I’ve always wanted to try making some kind of sweet/savory bacon-studded fritter using pate a choux, also known as that stuff you make cream puffs with. I went full breakfast theme, and topped mine with a little maple syrup, but feel free to get your beignet on, and cover them with a pile of powdered sugar.
Pour 1 cup plus 2 tablespoons cold water into a saucepan over medium-high heat. Add butter, sugar, salt and nutmeg. When mixture starts to simmer, reduce heat to medium and add flour. Cook, stirring constantly, until mixture comes together into a soft dough ball, about 2 minutes. Remove from heat and transfer to a mixing bowl. Pour in vanilla extract. Break up dough with a whisk or fork, and let cool for about 5 minutes.
Break an egg into the bowl with the dough and whisk until egg is incorporated and dough becomes smooth and sticky, 4 to 5 minutes. Dough will stick inside the whisk; clean out dough with a spatula before adding successive eggs, 1 at a time. Whisk in each egg until thoroughly incorporated into the dough. Clear dough from whisk; scrape down sides of bowl. Cover dough with plastic wrap and chill for about an hour.
Place bacon in cold skillet. Cook over medium heat, stirring occasionally, until bacon is browned and crisp and fat is rendered, 5 to 8 minutes. Transfer bacon pieces to a paper towel-lined plate to drain. When bacon is cool enough to handle, place it on a cutting board and chop into small pieces. Reserve some bacon bits for topping the doughnuts.
Heat oil in a deep-fryer or large saucepan to 350 degrees F (175 degrees C).
Remove dough from refrigerator and stir in bacon pieces.
Drop dough by scoopfuls (about 2 tablespoons) into hot oil. Fry in batches to avoid crowding. Fry until dough begins to puff and brown, turning occasionally. After doughnuts expand and crack, keep turning them until they are evenly browned, about 7 minutes. Transfer to paper toweled-lined plate to drain slightly.

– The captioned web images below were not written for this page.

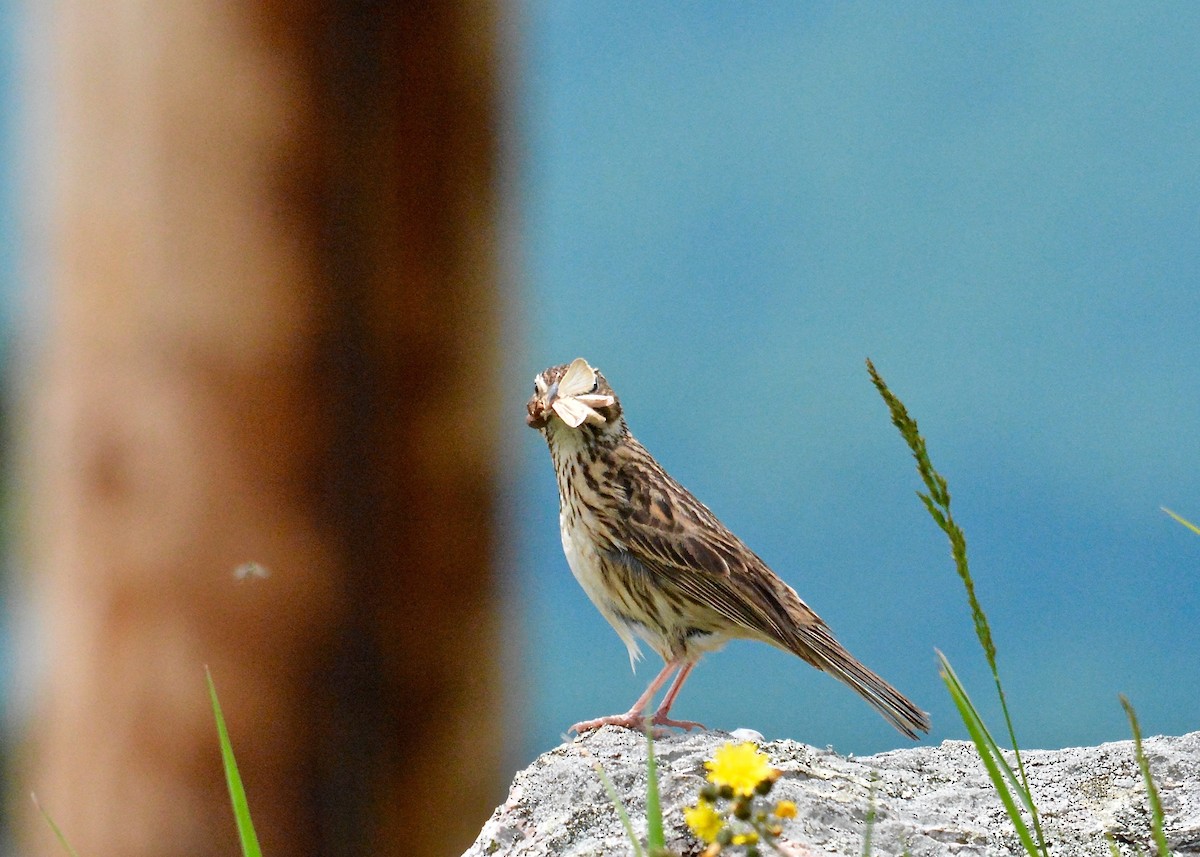 Vesper Sparrow - Ellison Orcutt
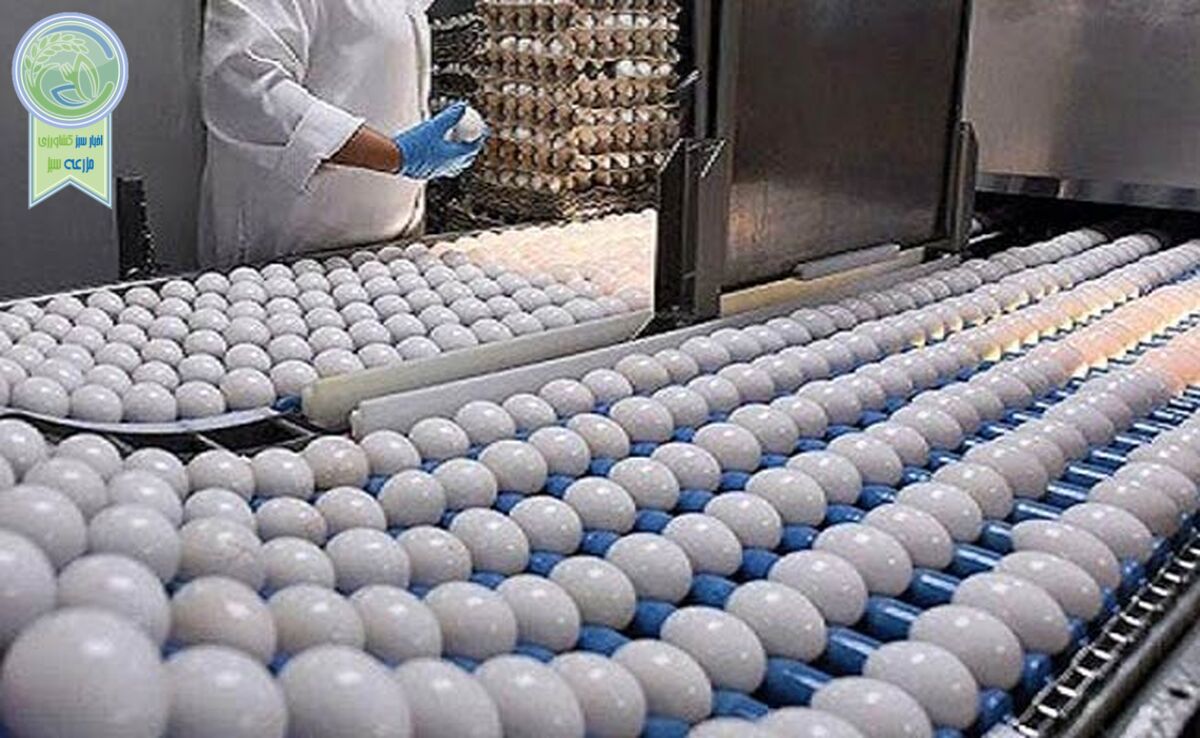 تخم مرغ تا آخر سال گران نمی‌شود

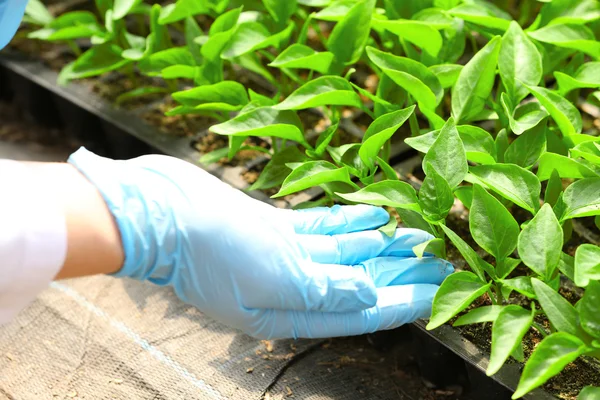 Bäuerin bei der Arbeit — Stockfoto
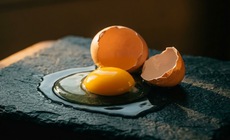 Nên dùng lòng trắng hay lòng đỏ trứng gà để làm đẹp da?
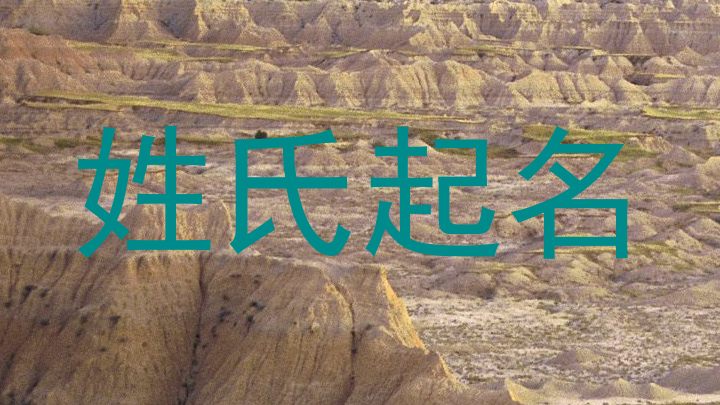 姓氏起名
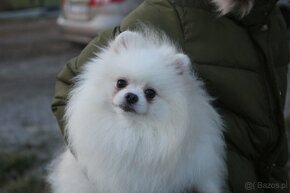 Szpic Miniaturowy, Pomeranian - 3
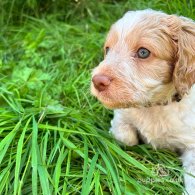 Cockapoo - Both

Serve hot, drizzled with maple syrup and topped with bacon pieces.
Per Serving: 542 calories; protein 13.4g; carbohydrates 29.5g; fat 41.4g; cholesterol 185.2mg; sodium 783.6mg.

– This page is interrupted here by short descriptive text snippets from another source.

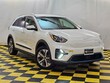  Kia Niro EV
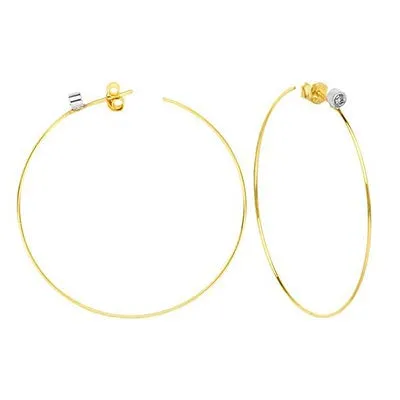 OPEN HOOP EARRINGS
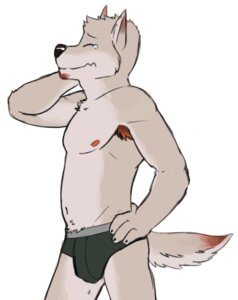 Rating: Safe Score: 0 Tags: anthro armpit_hair black_clothing black_nose black_underwear body_hair briefs canid canine canis clothed clothing e621 eyes_closed genchi male mammal pubes simple_background solo tail topless underwear underwear_only wolf User: bunchy7s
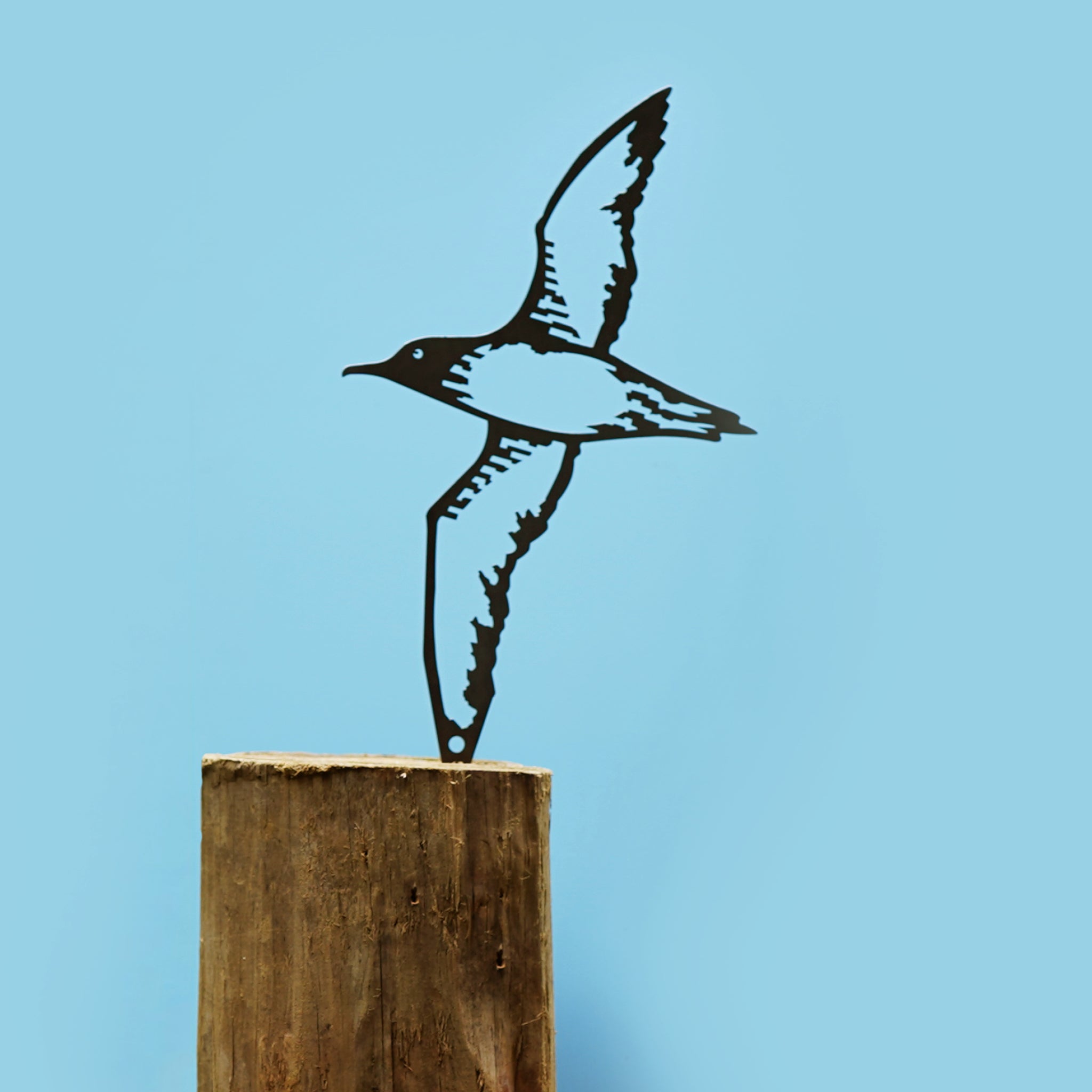 Balearic Shearwater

Eating good breakfast to continue the day has become a good habit. It’s a fabolous way to start my 24 hours off healthfully. The sugar hit from the pickle tree wakes me up and bring me power to take on the morning. Sugar is often vilified as the root of all disease, but sweetness is also loaded with fibre, which is best for your digestive system and helps keep you feeling full longer, and less likely grab a side food out of the street food before break .
Make fruit a at 7.00 clock habit is simple . Simply put the sweetness in your fridge next to the sweet drink or on the table next to your grain pan , or move your coffee maker or tea kettle — somewhere where you’ll see it. Before you eating the rest of your breakfast , eat your fruit. If you’re not normally a breakfast person.